Driving Range Practice

Golfing With Will Part Two

Oct 06, 2017

The first club I practiced with was a 9-iron. I was shown the proper way to position myself in relation to the ball for both my practice swings and my official swing. My arms relaxed in my athletic stance, I focused on my target and began my practice swings. My mind was free, focusing more on the experience than how far I was going to hit the ball or how high I was going to get it in the air. The club grazed over the tips of the beautifully maintained green grass and I knew I was ready to hit the best ball of my life. 

As I approached the ball, all I wanted to do was replicate my practice swings. Then, I swung the club back at a level four, swung through the ball and watched as it traveled…slightly to the left, barely leaving the ground. 

My first swing definitely did not go the way I envisioned it would. I am an extremely competitive person, so my first reaction was to be frustrated. Will caught wind of this and asked me how I felt about my swing. I was honest with him about my frustrations, and instead of focusing solely on that, he explained to me what he saw.
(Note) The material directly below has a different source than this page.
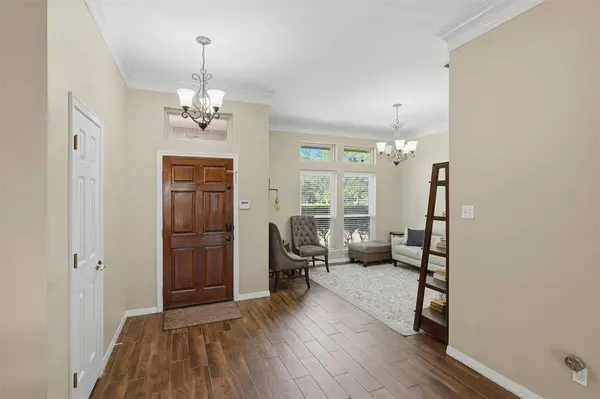 7501 Meadowside Road, Fort Worth, TX 76132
He asked what my focus was and I told him how I felt I did not hit the ball well at all. He advised me not to worry too much about how far or high the ball travels and instead on how my physical experience relates to the freedom of my swing. I swung at a level four and my shot was actually on target. It may not have gone as far as I wanted, but there were definitely some positives in my swing.

I kept practicing, putting everything we worked on together, until I developed my own unique swing. The approach Will taught me worked wonders. I started hitting the ball better than I ever have in my entire life. I was connecting with my target and focusing more on my experience, rather than the results. There were swings I messed up, that is normal and expected and we analyzed every swing, regardless of the outcome. 

Those discussions helped me tremendously. Will asked how I felt and what I did after each swing. In most cases, I could feel what I did differently. We each shared what we saw in every swing to help me establish a rhythm and remember that feeling going forward.